New App Helps Overthinkers Get A Date

Welcome to Oh Gay Cupid! Autostraddle’s OkCupid series. We get lots of questions on Formspring regarding online dating, so we finally got a bunch of people together to talk about it. While OkCupid isn’t the only online dating site for queers, and maybe isn’t even the best, it does seem to be the one we use most often. We’ll be discussing all things OkC, including meeting friends, first dates, profiles, fuck-ups, letdowns and more. Even though it’s the ‘OkCupid Series,’ the advice given in this series could easily be applied to any online dating site.

 Oh Gay Cupid! illustrations by Rory Midhani

It’s Friday! Do you have a date tonight? Do you want a date tonight? Why don’t you get on your computer and find one? If you’re anything like my neurotic self, getting an online date requires two days of meticulously editing your profile, two months of cherry picking your city’s offerings, two weeks of nonchalantly bantering back and forth with your potential date and two hours of debating the merits of the city’s different beverage slingers. Which is all well and good if you want to meet someone before the end of 2013, but tonight is Date Night! You just don’t have time for that shit.

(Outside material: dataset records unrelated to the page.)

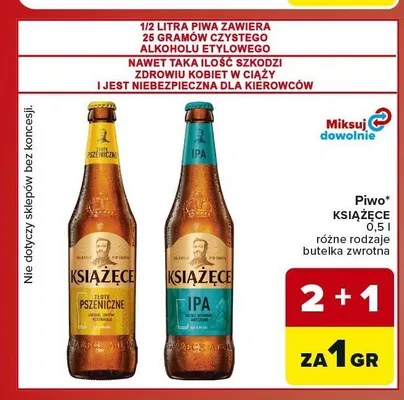 Piwo Książęce IPA promocja w Carrefour Market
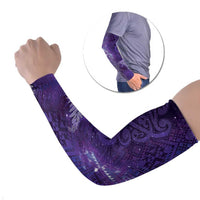 Aotearoa Taniko Matariki Arm Sleeves Cosmic Violet
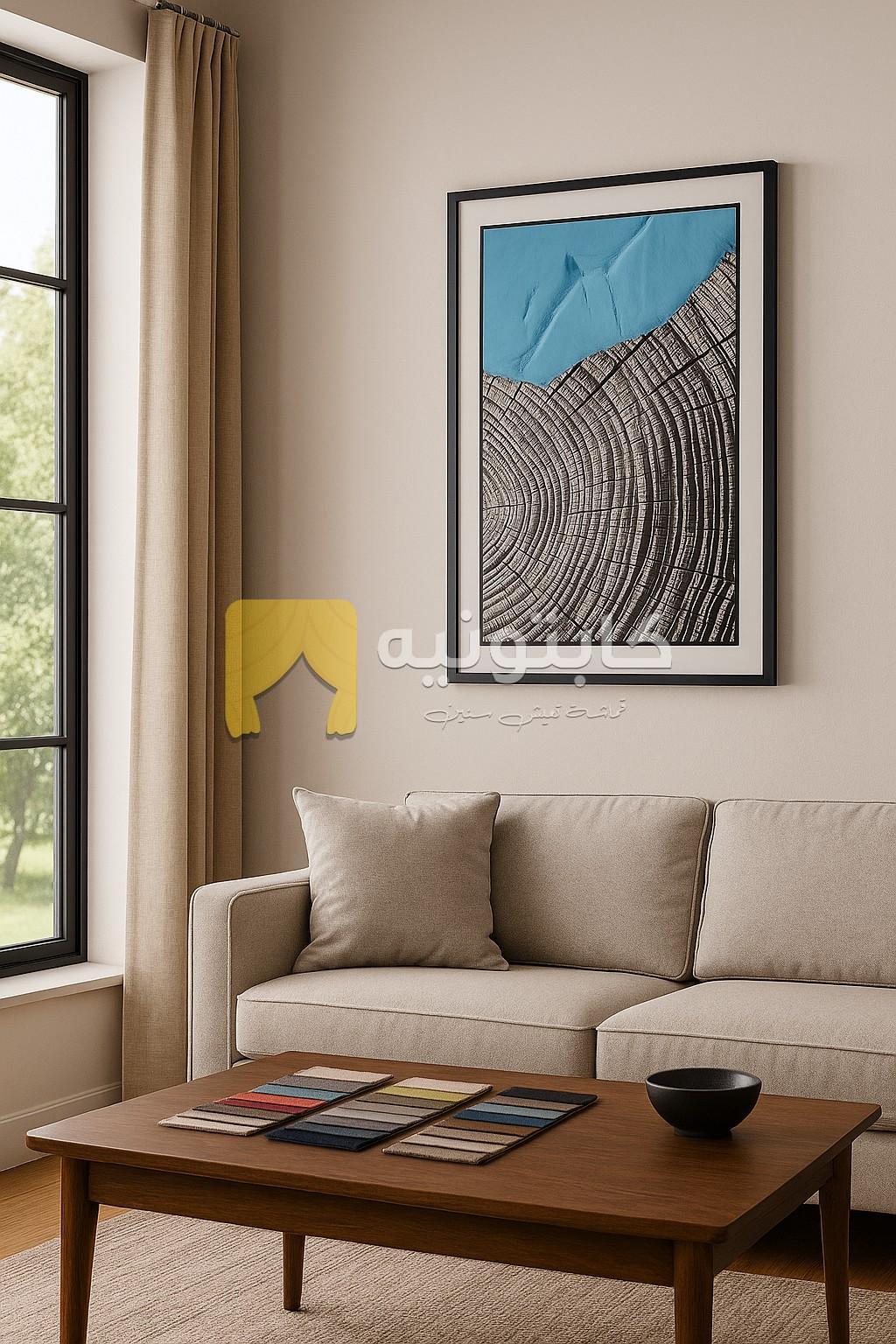 لوحة فنية خشبية مودرن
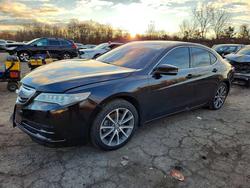 Acura salvage cars for sale: 2015 Acura Tlx Tech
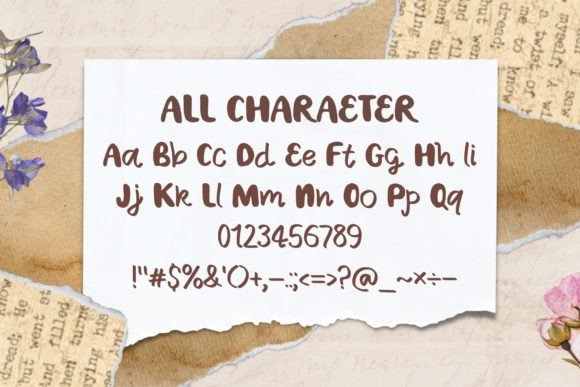 Antique & Simple Font PNG with transparent background - Preview 3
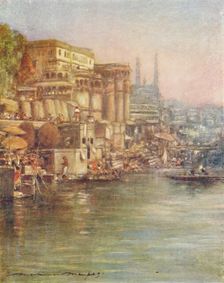 The River Front, Benares 1905. Artist: Mortimer Luddington Menpes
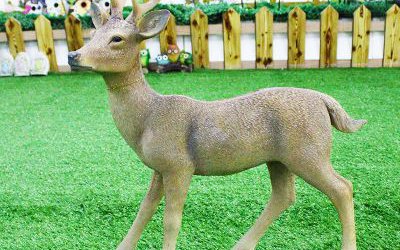 户外园林玻璃钢仿真动物鹿雕塑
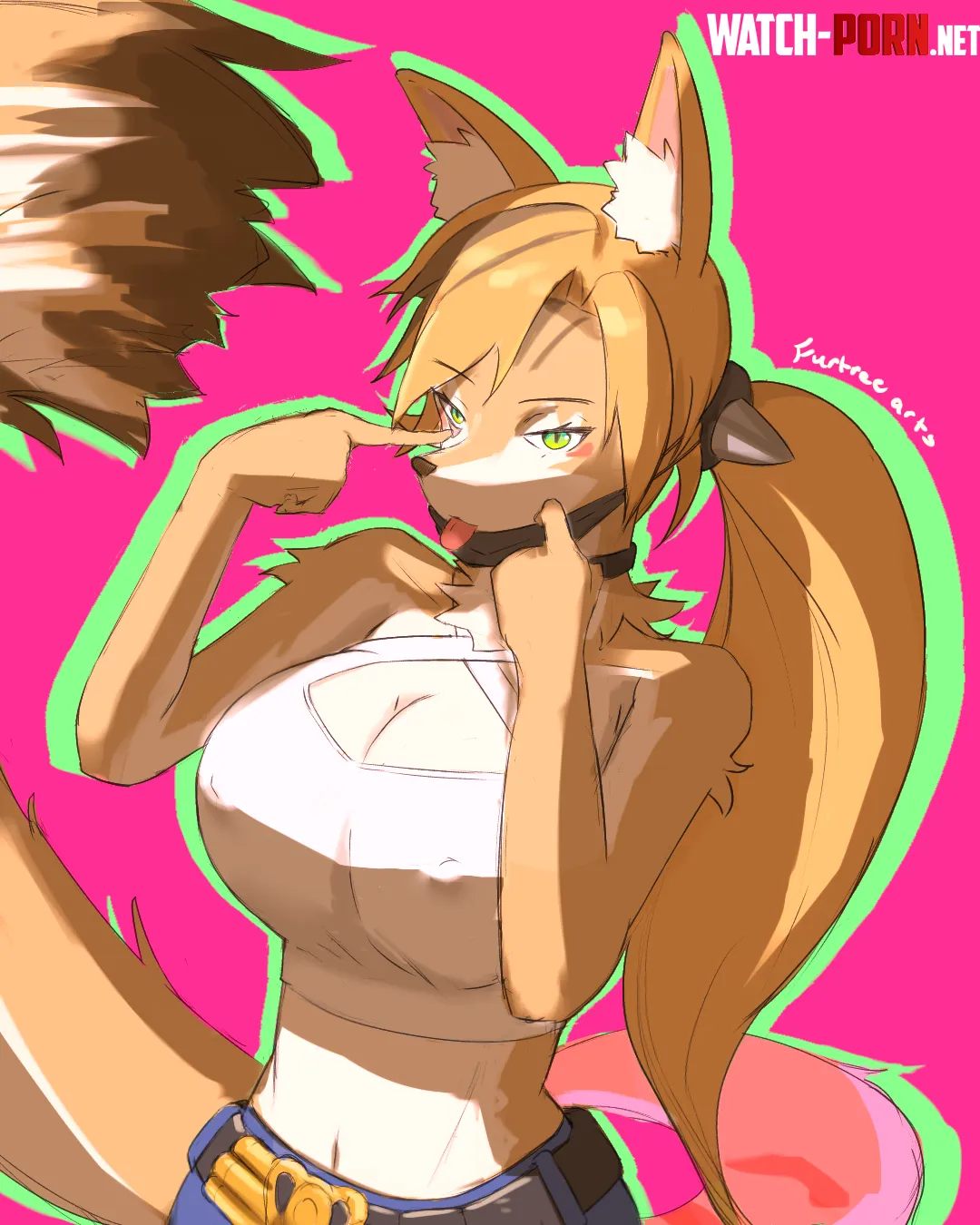 feeling cute and sassy :p by FurTreeArts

So what if you were to throw out all of your preconceptions of How to Properly Meet Someone and actually just met someone? Like saw a stranger across the internet and asked them out on a date without knowing their Google search history? A little more A/S/L and a little less “Will you teach your children to believe in Santa?” I’m a bit ashamed to admit how many profiles I’ve skipped when I saw they liked a movie I hated, were not as enthused by food as I was or were “too into” politics. You and I have an arbitrarily metered match compatibility of less than 98%? This shit’s never gonna work!

There’s something to be said for a bit of mystery and that’s exactly what Crazy Blind Date is trying to embrace. CBD is OkCupid’s foray into the world of instant mobile dating. Fuck crafting the perfect profile. See a person? Meet that person! While Grindr has the market cornered when it comes to gay male mobile hook up apps, there is always room for improvement when it comes to the ladies.

CBD was designed with women in mind, but what does that mean? Is it pink? Does it sparkle? Will it dispense chocolate and Kleenex if I get stood up? Well yes, there are parts of the app that are pink and there is a confetti-like motif on some pages, but sorry, it isn’t that perfect. It just takes a different approach which you’ll discover soon enough. As with all great things, you have to start somewhere.

Step 1. Craft that Profile

Four questions. You can handle four questions. Especially when one of them is "What's your name?"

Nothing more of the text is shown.